With Concord residents and environmental advocates raising objections to a major expansion of private hangar space at Hanscom Field, the Select Board has voted to lawyer up to collect public records on the controversial proposal. 

The Board voted unanimously at its most recent meeting to retain Boston environmental firm McGregor Legere & Stevens to file requests for documents related to the potential deal under the Freedom of Information Act.

The expansion proposed by Runway Realty Ventures and North Airfield Ventures would add 27 hangars to Hanscom. The airfield borders Concord and three other communities — Bedford, Lexington and Lincoln — and its air traffic affects an even larger area. 

The Massachusetts Port Authority, or Massport, which operates the site, supports the plan as a way to accommodate growing private jet traffic in the region. But the expansion has come under heavy fire from neighbors and environmental groups who say it will inundate the area with pollution and noise as it caters to wealthy private jet owners. 

While soliciting public opinion, putting up yard signs and raising objections with elected officials are all part of the process, “what is going to have the most serious effect on this is challenging the environmental review, [which] is a technical and legal process,” Select Board Chair Henry Dane said. 

“Our thought,” he continued, “was that the best expenditure of our time and money was to engage the services of an environmental expert to both monitor the environmental review process and to provide us with consulting services [which] would help us to stay on top of the situation.”

As Town Manager Kerry Lafleur noted in an August 2 memo to the Board recommending that Concord retain McGregor’s services, the Hanscom proposal would affect 47 acres of land, add 194 average daily vehicle trips and generate more than 12,000 gallons per day of wastewater. 

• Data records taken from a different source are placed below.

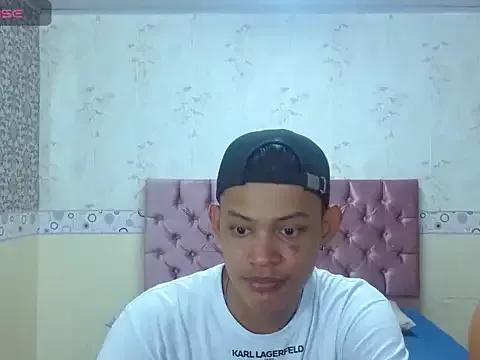 Emma_AndAlex from StripChat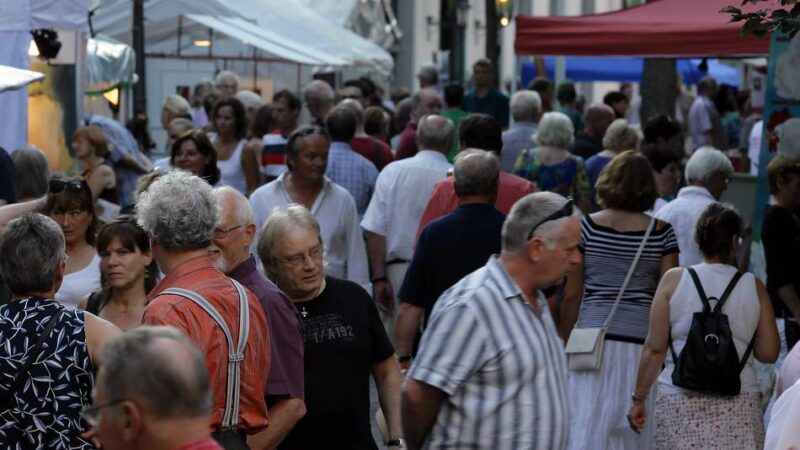 45 Künstler stellen bei „KleinMontMatre“ aus: Pariser Flair beim Kunstmarkt in Xanten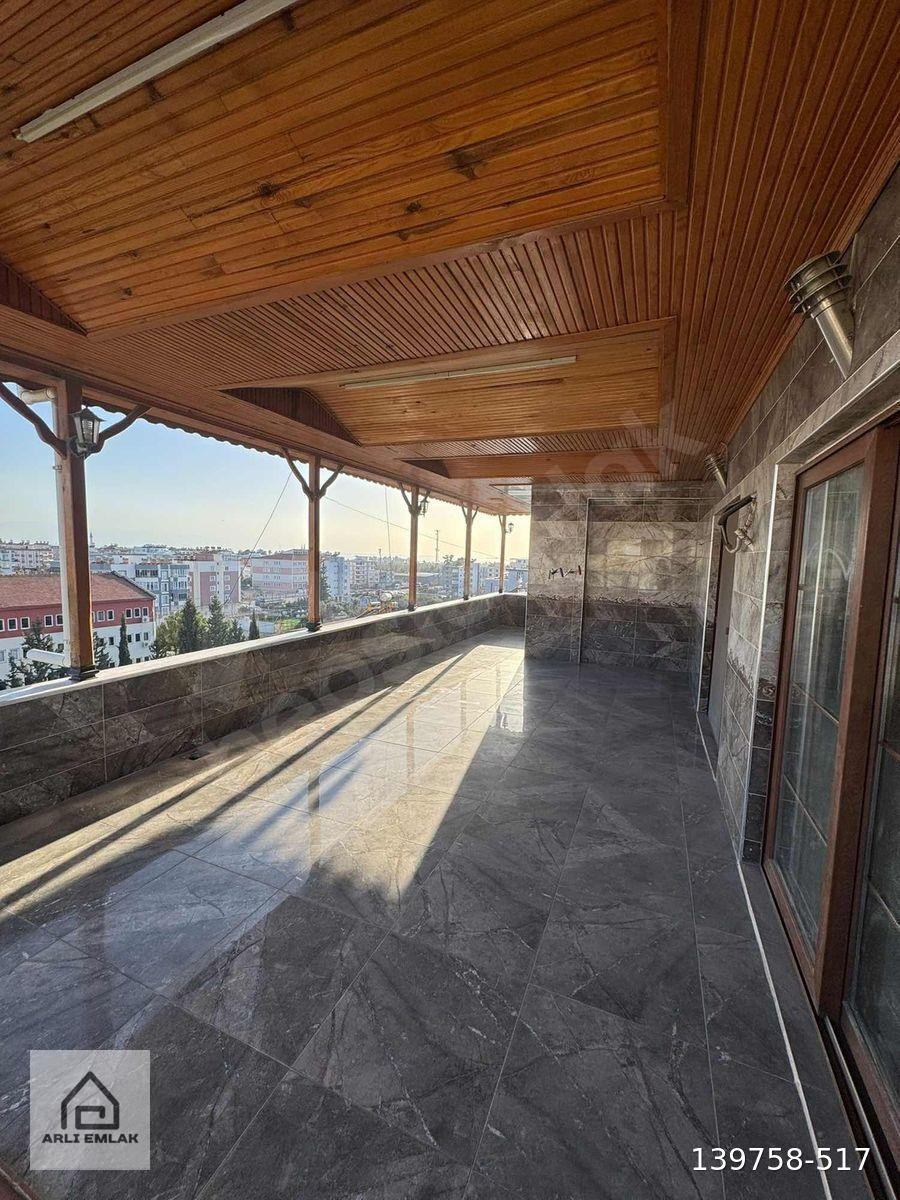 ARLI'DAN 7+2 LÜKS DUBLEKS CADDE ÜZERİNDE (ARAÇ TAKASLI)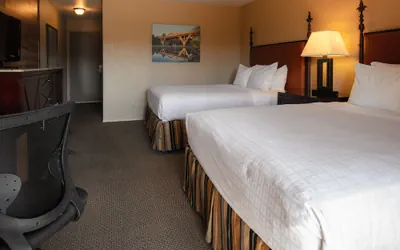 Photo 5 - Riverside Inn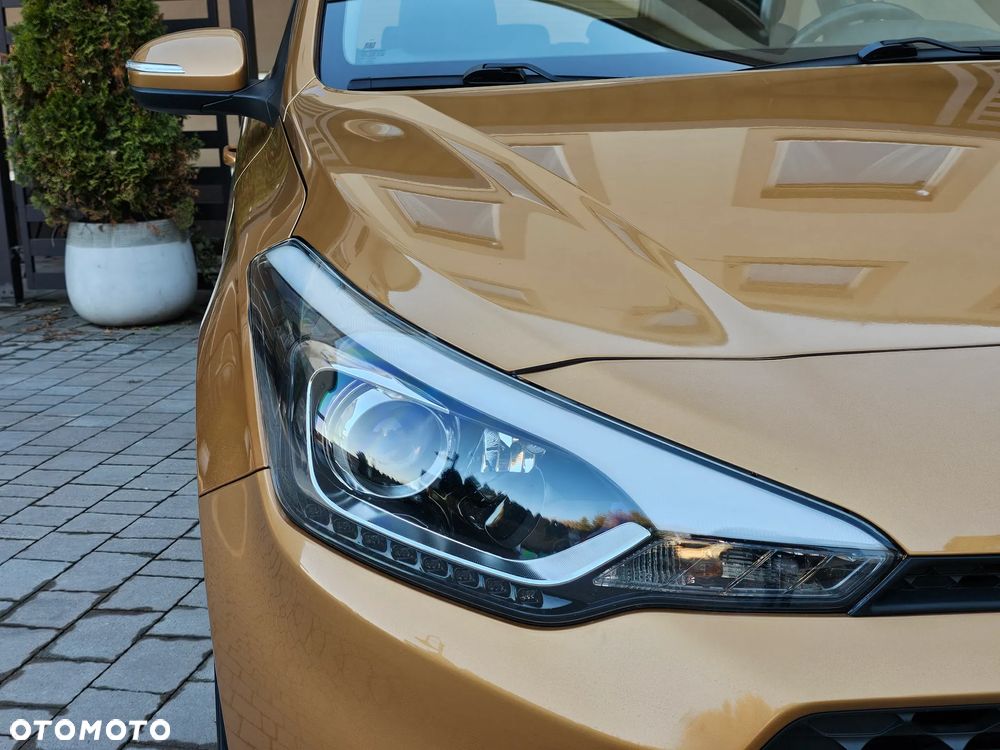 Hyundai i20 1.2 YES Gold - 26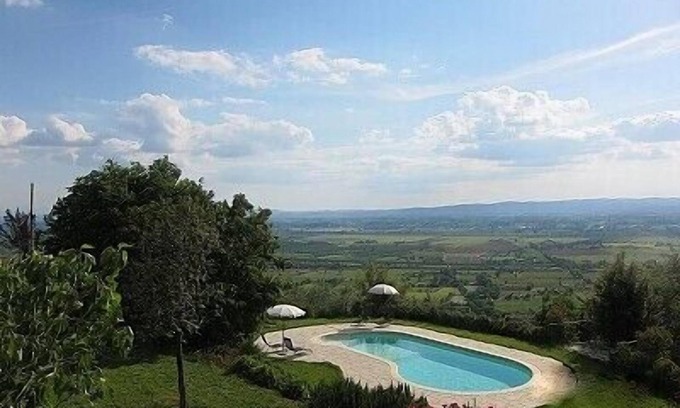 Pieve al Bagnoro House | Villa Arcanda C: A cozy and welcoming apartment, with Free WI-FI.
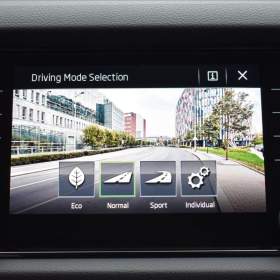 Foto inzerátu Škoda Kodiaq 2,0 TDi DSG Sportline Virtual Canton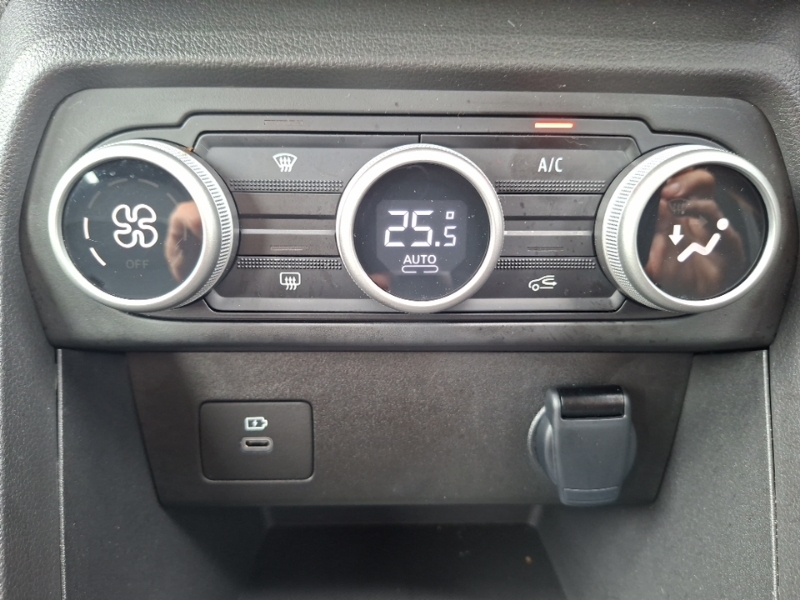 Dacia Sandero Essential Red #17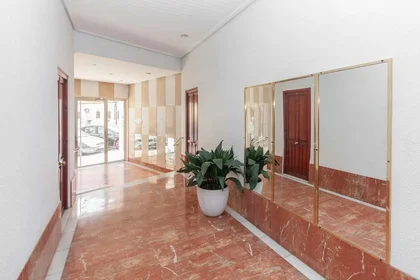 Quarto privado em Carrer de la Font Roja, 8, 7º a, Patraix, 46007 València, Valencia, Spain, imagem 4 de 38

Notably for Concord, Lafleur wrote, sites including Minute Man National Historical Park and Great Meadows Wildlife Refuge “are on a direct path with the east-west runway, as well as many cultural resources and open spaces that bring visitors to this region.”

Lafleur recommended the town hire McGregor, Legere & Stevens for a fixed fee of $7,500 for “Phase 1A Services” — a starting point that includes a records analysis and strategy session. She noted that while Anderson Kreiger would usually handle the matter as Concord town counsel, the firm also provides legal advice to Massport and so has a conflict. 

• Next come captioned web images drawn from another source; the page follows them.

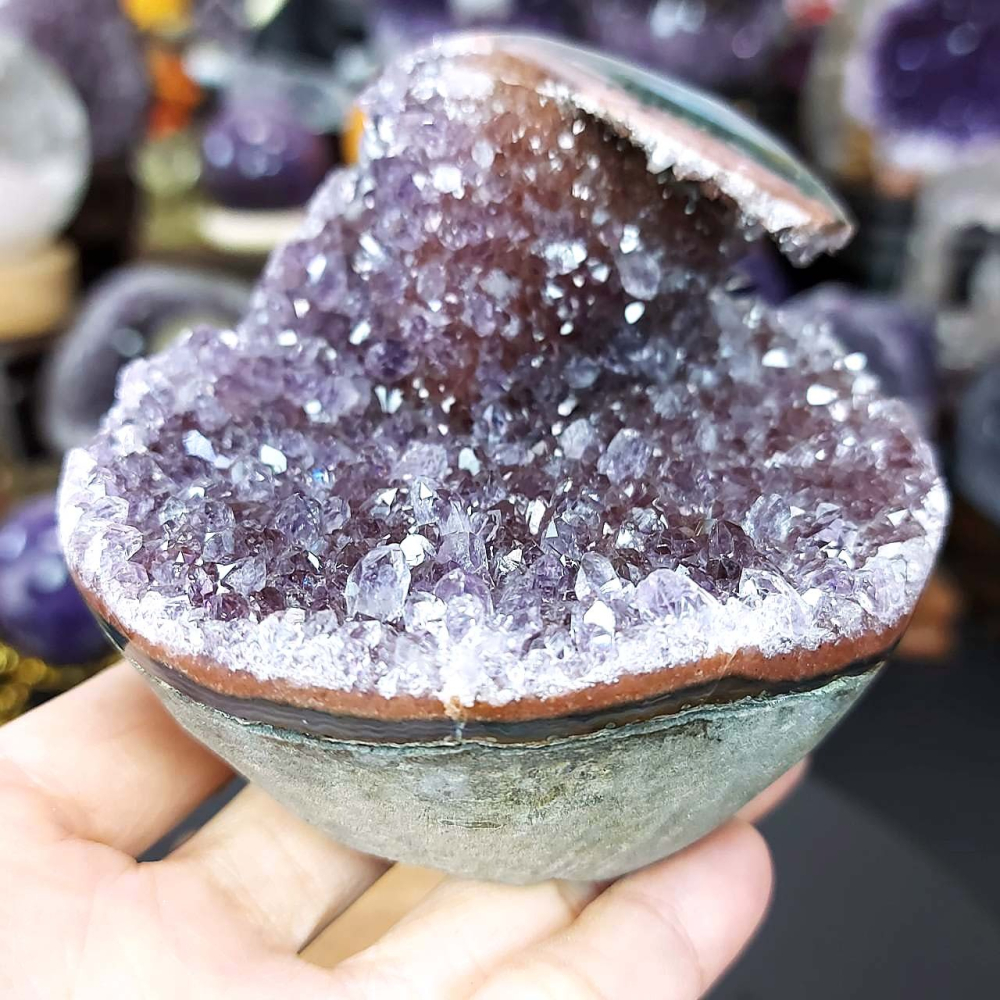 紫晶鎮 彩晶鎮 晶牙閃閃亮亮 紫紅底帶晶花柱 微官帽*一圖一物*像圓形沙發座 辦公桌療癒擺件 淨化磁場-細節圖6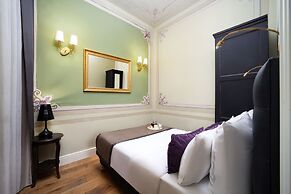 Meroddi Galata Flats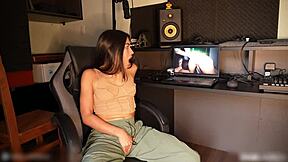 my shocked reaction to bimbo's nightclub amateur pussy spread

McGregor, Legere & Stevens founder Gregor McGregor, a Concord resident, proposed starting with broad-based public records requests: “I would say [the] key to this town being effective, and this board especially, is to have information,” he said. “Otherwise you’re just reacting. Otherwise, you’re just the tail on the dog.”

McGregor also said Concord could check to see if other towns concerned about the Hanscom expansion are making similar records requests and possibly team up with them to pool costs. 

Bottom line, “This is about trying to get information that Hanscom may or may not want to share with you,” he said. 

A Draft Environmental Impact Report on the Hanscom project, including a study of carbon emissions, is due out this fall.